Également présent mardi, le ministre de l’Énergie, Claude Turmes, a passé en revue les mesures qui ont déjà été prises. Le transport reste de loin le secteur avec le pire bilan carbone. « La réduction des émissions est engagée, grâce aussi à la taxe carbone qui nous a permis de mieux maîtriser le tourisme à la pompe. Nous restons toutefois le pays avec le plus de véhicules à énergie fossile », avance l’ancien eurodéputé.

Les prochaines étapes majeures viseront à rendre plus vertes les voitures en leasing et à décarboner le secteur logistique. « Il nous faudra équiper les grandes aires autoroutières avec les infrastructures nécessaires pour alimenter les camions électriques ou roulant à l’hydrogène », prévient Claude Turmes.

Dans le bâtiment, toutes les nouvelles constructions devront être équipées dès 2023 de systèmes de chauffage non fossiles. En parallèle, le gouvernement prévoit de ne plus investir dans de nouveaux réseaux pour la distribution du gaz. « Pour réussir ce virage, il nous faudra toutefois disposer d’un nombre suffisant d’artisans formés dans le domaine des énergies renouvelables », fait remarquer le ministre.

L’achat de quotas est exclu

La décarbonation de l’industrie constitue un autre objectif majeur. Claude Turmes a salué mardi le catalogue de propositions dévoilé la semaine dernière par la Fedil. Si la taxation progressive du CO2 est écartée, le ministre de l’Énergie est pleinement d’accord avec la revendication d’assouplir les règles européennes pour permettre aux États membres d’aider davantage au financement de la transition écologique et énergétique du secteur industriel.

Il existerait déjà une ouverture de la part de la commissaire européenne à la Concurrence, Margrethe Vestager. « Le bon cadre pour l’aide à l’investissement doit être donné afin de permettre à l’industrie de supporter les coûts supplémentaires. Le modèle de financement de projets pour produire de l’énergie renouvelable (NDLR : Carbon contract for difference) pourrait servir de base pour cette nouvelle avancée », développe le ministre déi gréng. Une entrevue avec la Fedil doit avoir lieu sous peu.
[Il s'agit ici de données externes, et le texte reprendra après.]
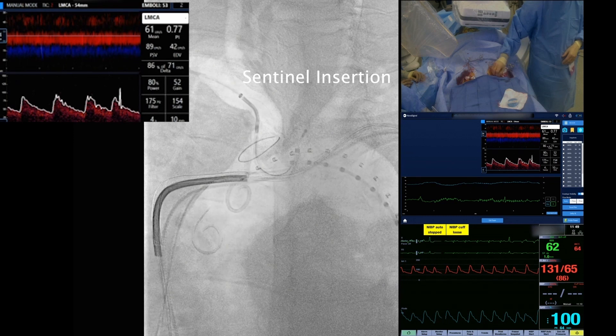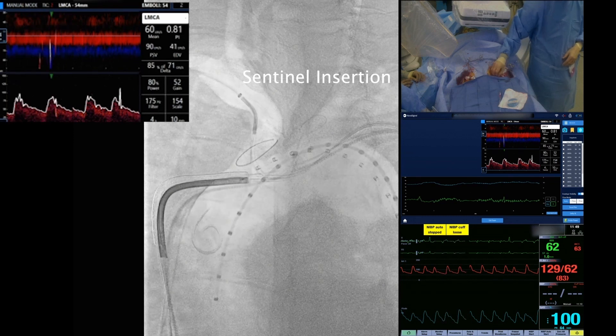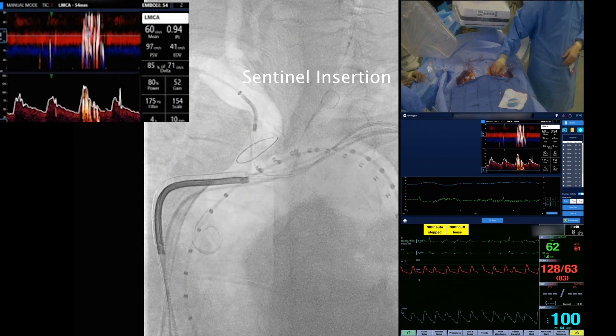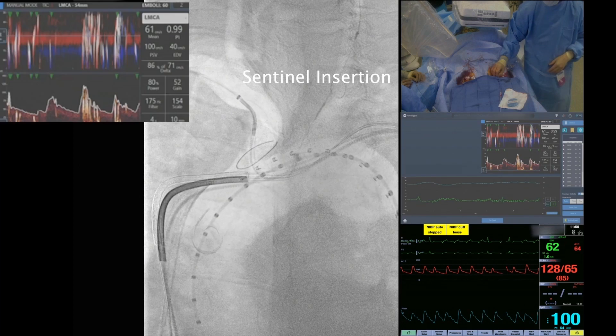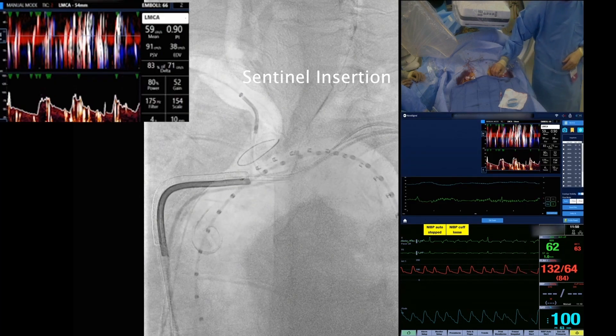The last step is to advance the distal filter and deploy it in the left common carotid artery using the third knob.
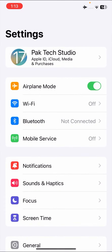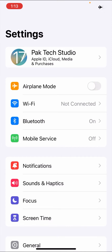Go to your Settings again and here turn on Airplane Mode for five or ten seconds. Once you turn it on, you have to turn it off again after five or ten seconds. After doing that, check that your problem has been fixed or not. If your problem is not fixed from this method, I'll show you the third method which can solve your problem easily.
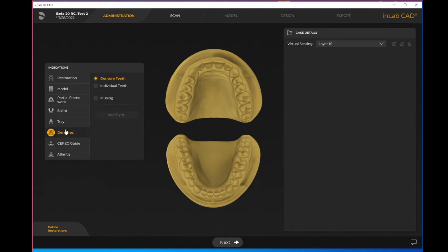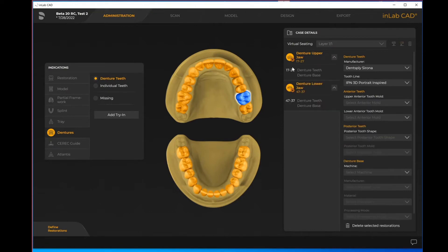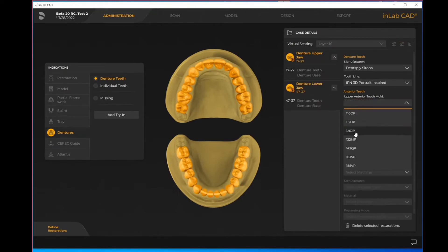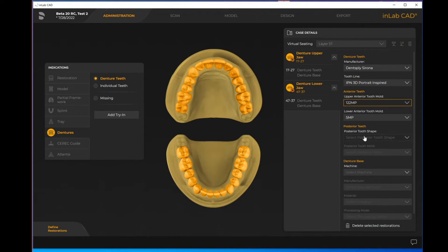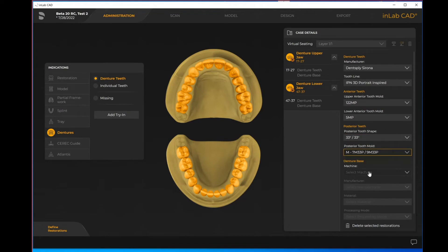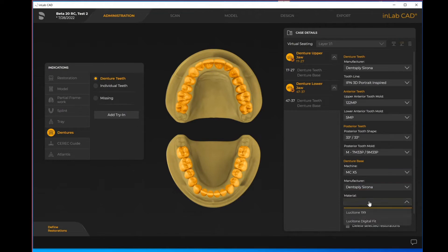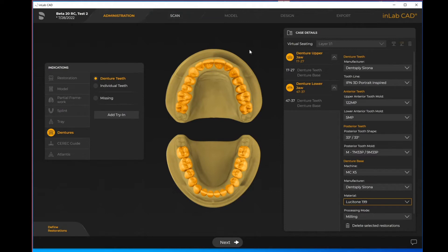For this particular case I'm doing a denture. I'm going to identify my upper jaw, my lower jaw, and then I can just fill in my details here on the right hand side for my case details. As soon as you have everything that's needed in the case details filled in, the next step on the sidewalk will open up.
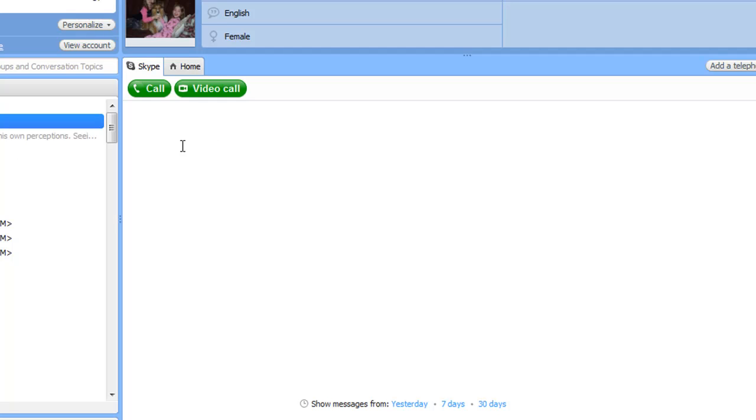So it can still be a private phone call. If they have Skype, you can call them anywhere in the world for free by calling their Skype account.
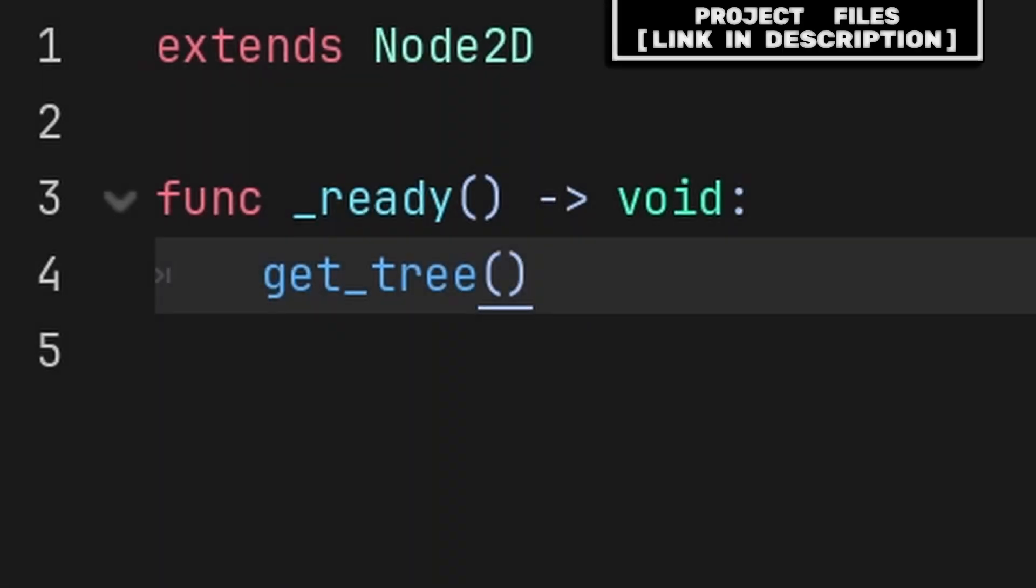GetTree is a function that returns or provides the SceneTree. The SceneTree is essentially a node that exists above the topmost node in a scene, but below the root.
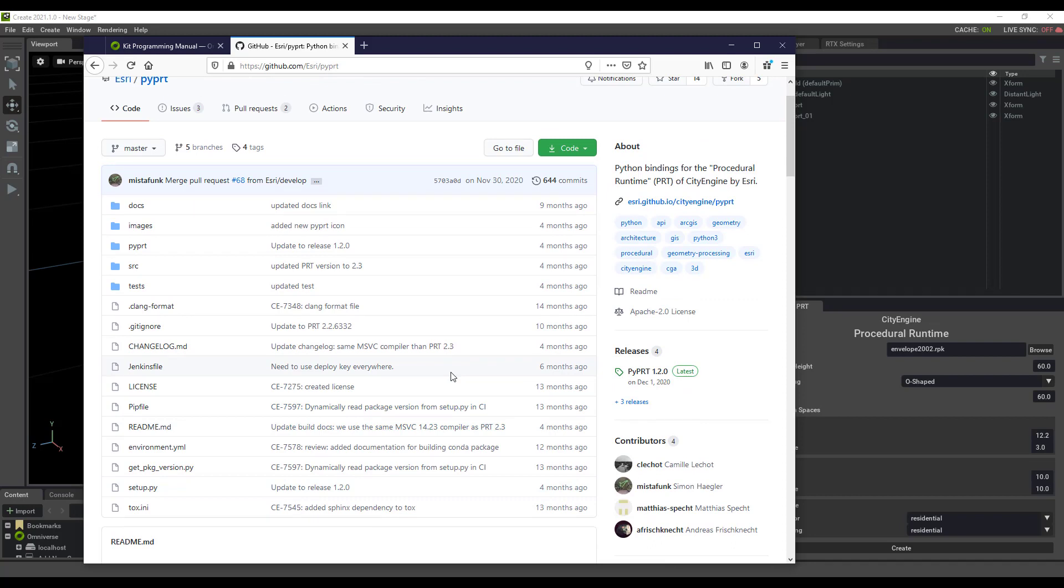Really easy to get started with creating tools and pipeline in Omniverse. I'm really excited for the possibilities, and I encourage you to try it out. Let me know if you have any questions.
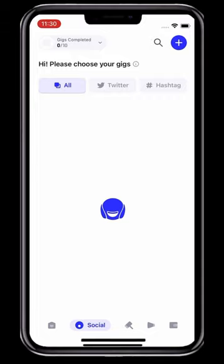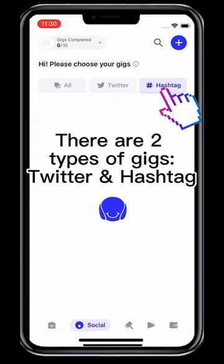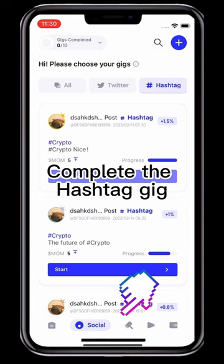Once authorized, you can see all the social gigs on the social page. Next, click Start on any social gig and complete the following requirements. There are two types of gigs: Twitter and Hashtag.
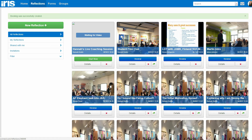Now we're taken back to the Reflections library, and you can see that the session has appeared with a 'waiting for video' status and a Start Now button. If you'd booked this for the future it would come up with a 'waiting for video' button, and we're all ready to go.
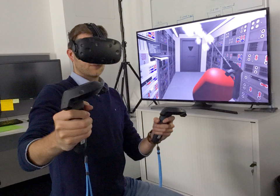The word "virtual" has had the meaning of "being something in essence or effect, though not actually or in fact" since the mid-1400s. The term has been used in the computer sense of "not physically existing but made to appear by software" since 1959. In 1938, French avant-garde playwright Antonin Artaud described the illusory nature of characters and objects in the theater as "le réel virtuel" in a collection of essays, "Le théâtre et son double." The English translation, published in 1958 as "The Theater and Its Double," is the earliest published use of the term "virtual reality."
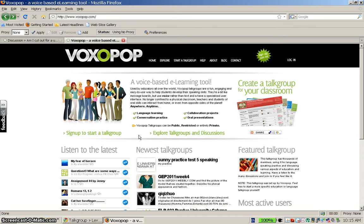Hi, my name is Randy. Welcome to the screencast, in which I'll be showing you how to use Voxapop, which is a web-based speaking application. As you can see from the little blurb here on the homepage, Voxapop is a fun way to get your students speaking and recording their voice on the internet. It's kind of a cross between a message board and podcasting.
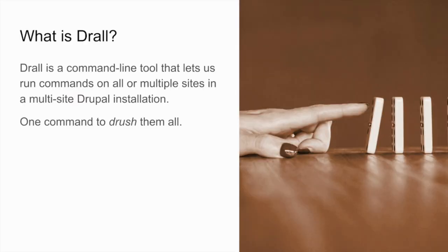So what is Drall? Drall is a command line tool that lets us run commands on all or multiple sites in a multi-site Drupal installation. Hence the slogan, one command to drush them all.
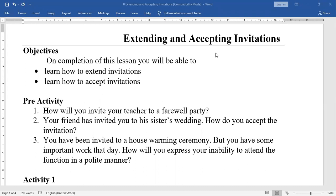Formal invitations are given to officials, colleagues, and persons in higher positions. In accepting a formal invitation, it is important to respond appropriately and suitably.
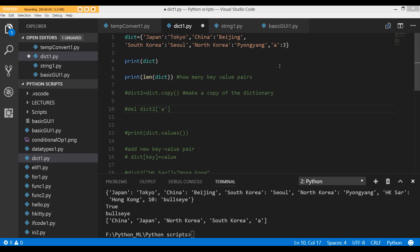In this lecture, I am going to introduce you to something known as dictionaries. Dictionaries are a data structure in Python, a rather important data structure that stores data as key-value pairs.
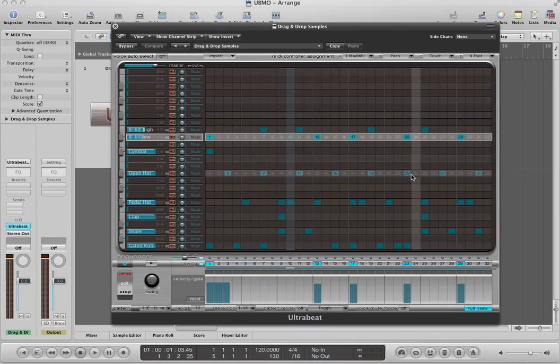Hello, this is Music Tech Help Guy, and welcome to this video tutorial on how to use the multi-output mode in UltraBeat in Logic Pro 9.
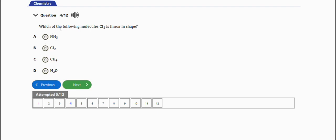The next question says: which of the following molecules - chlorine gas - is linear in shape. The one that is linear in shape is chlorine gas. It's not water, it's not methane, it's not ammonia. So the right answer is option B, chlorine gas is linear in shape.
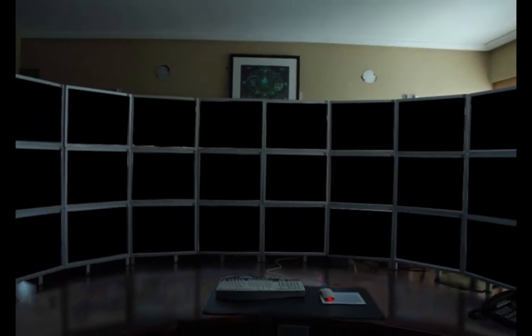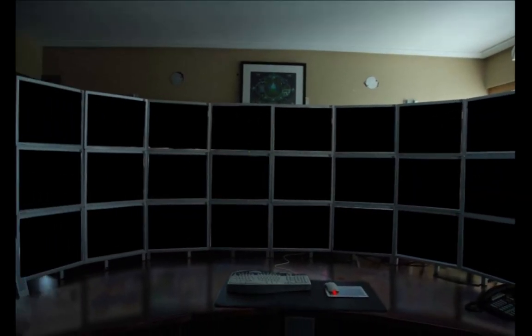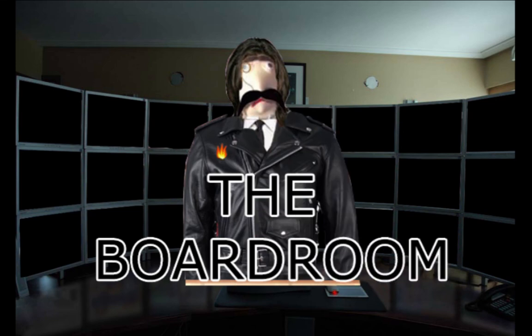And now, the Reacher family presents the hit new series, The Boardroom.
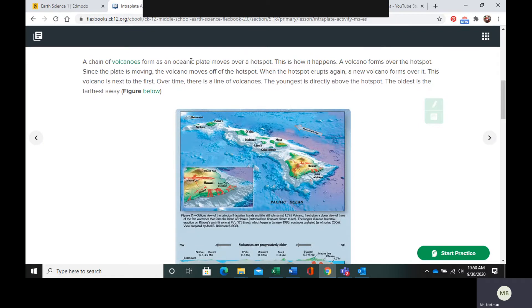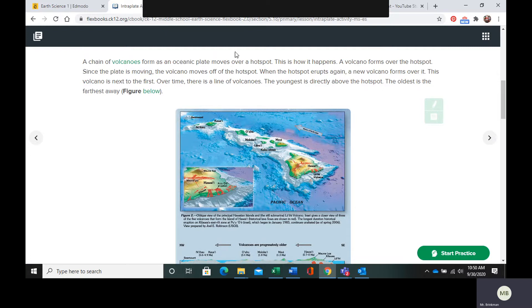So if the hotspot is like in the middle of an oceanic plate, when the oceanic plate moves over the hotspot, it is going to form a chain of volcanoes. So the volcano is going to form over the hotspot.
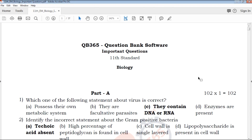Hi friends, welcome to QB365 YouTube channel. In this video, we will talk about 11th standard biology important questions for the full chapter, English medium.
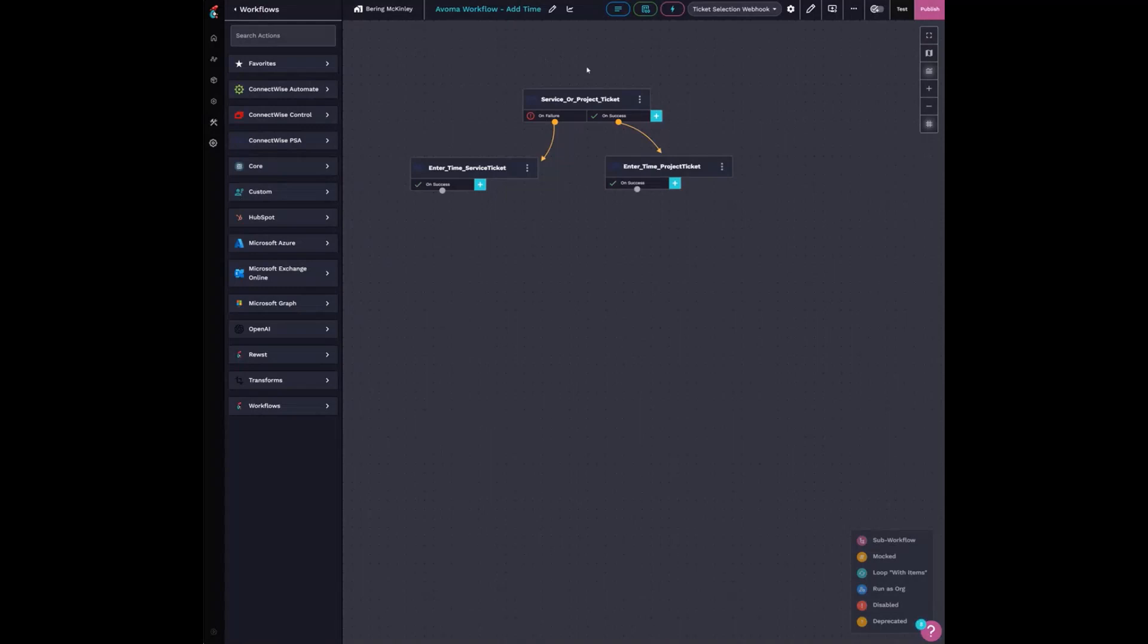Which will one, just call the ticket number so I can identify if it's a service ticket or project ticket and then automatically enter in my time with the meeting summary.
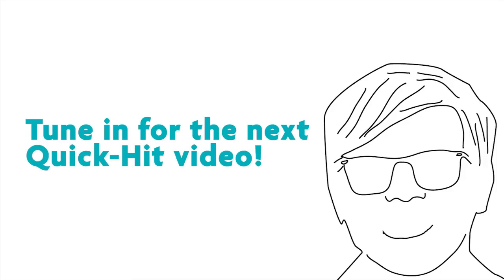This is Chris Borales signing off on another Quick Hit video. Thanks for listening. Stay tuned for the next one.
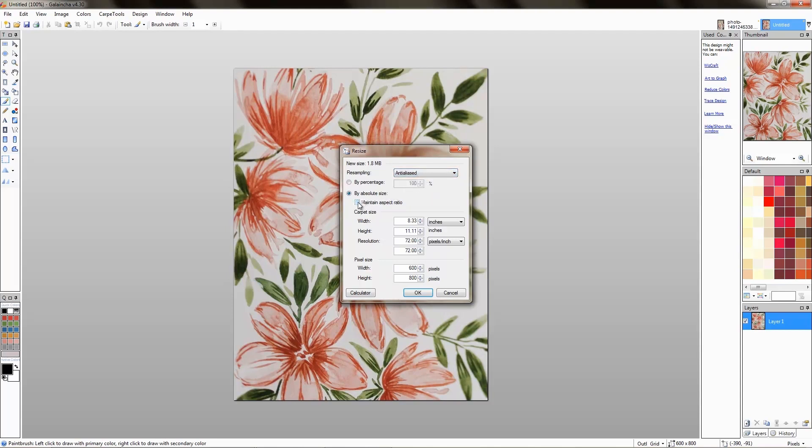We'll go with the 100 knot quality which is 10 knots per inch horizontal and 10 knots vertical. And also make this rug a little larger as right now it's too small.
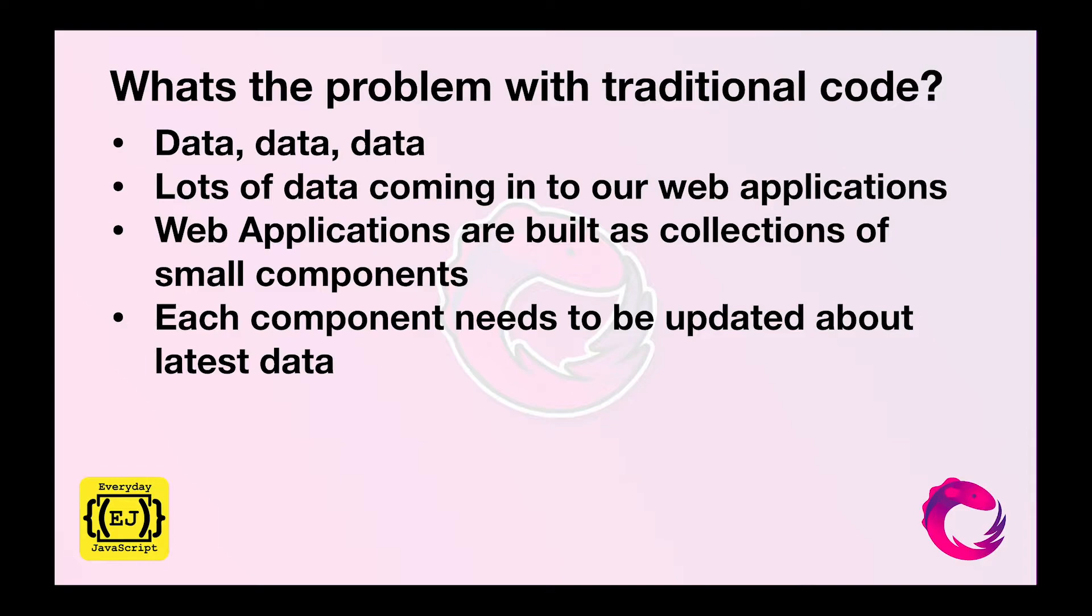And each component needs to be updated about the latest data as soon as the data is available. We cannot afford to recall the services inside each and every component and waste the valuable resources or internet bandwidth of the user.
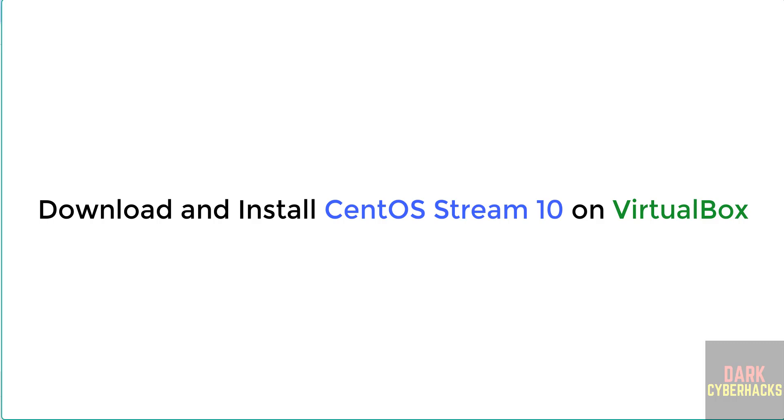Hello guys, in this video we will see how to download and install CentOS Stream 10 version on VirtualBox. First we will download then we will install.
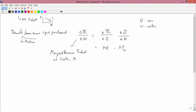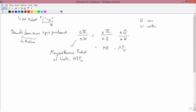The Marginal Revenue Product of water, abbreviated MRP(w), is what underlies demand. This is the reason why firms want water. You can trace it through the math: if you hire more water, you can produce more corn and sell it, and if you produce more corn, you get more revenue from your customers. That's why the firm would want water.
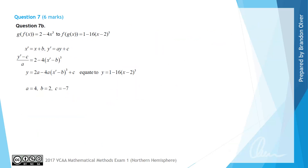The examination report confirms that a = 4, b = 2 and c = -7 are the correct answers, though they used a slightly different approach. Even without a percentage breakdown, this question was likely done poorly in the examination — it is quite tricky, but if you follow mapping notation it is quite reasonable to progress through it.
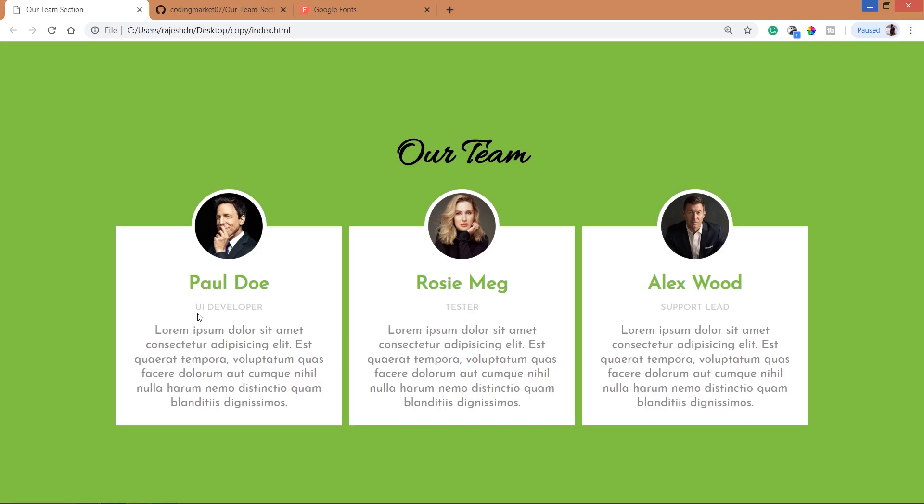Hi, hello, welcome to my channel. Today in this video we are going to see how to create the our team section using HTML and CSS. Take a look at the final demo in which we can see the our team title.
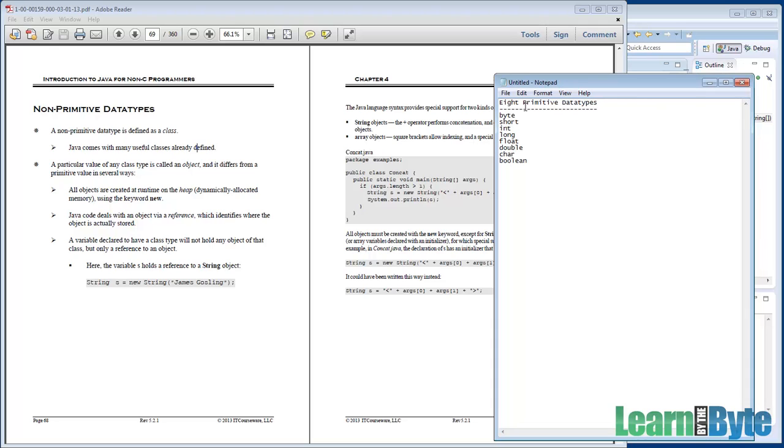Those eight built-in primitive types are part of the Java language. They always start with a lowercase letter. They have default values, especially if they're used in something like an array or as a field.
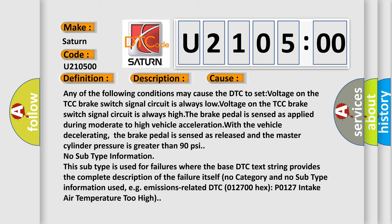With the vehicle decelerating, the brake pedal is sensed as released and the master cylinder pressure is greater than 90 psi. No subtype information. This subtype is used for failures where the base DTC text string provides the complete description of the failure itself. No category and no subtype information used.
Carole Dieschbourg et Claude Turmes continuent de croire à la réalisation des objectifs climatiques pour 2030 sans devoir recourir à l’acquisition de quotas d’émissions. « Aller acheter des quotas sans faire nos devoirs à domicile n’est pas une option. Le temps de l’acquisition de quotas de CO2 devrait d’ailleurs être révolu », avance la ministre de l’Environnement, non sans préciser que « les accords entre États en matière de coopération énergétique restent bien entendu possibles ».

Taxation du CO2 : la Constitution freine la Fedil

Interrogé lundi dans nos colonnes, le directeur de la Fedil a revendiqué l’introduction d’une taxation progressive des émissions de gaz à effet de serre pour la seule industrie. « L’idée est de ne pas taxer la première moitié des émissions, mais de doubler la taxation sur la deuxième tranche. Un tel mécanisme peut amener les entreprises à faire des efforts supplémentaires », argumentait René Winkin.

Interrogé sur la proposition, le ministre de l’Énergie, Claude Turmes, a rapidement écarté l’idée : « Déjà, l’appareil administratif supplémentaire à mettre en place ne permettrait pas d’introduire une telle taxe. » Selon André Weidenhaupt, premier conseiller de gouvernement au ministère de l’Environnement, un autre facteur rend impossible une taxe spécifique sur le CO2. « Cette taxe est à considérer comme un impôt et doit donc respecter le principe d’égalité de traitement fixé par la Constitution », explique le haut fonctionnaire.

L’idée d’une taxation spécifique pour l’industrie serait contraire à l’article 101 de la loi suprême qui dispose qu’« il ne peut être établi de privilège en matière d’impôts ».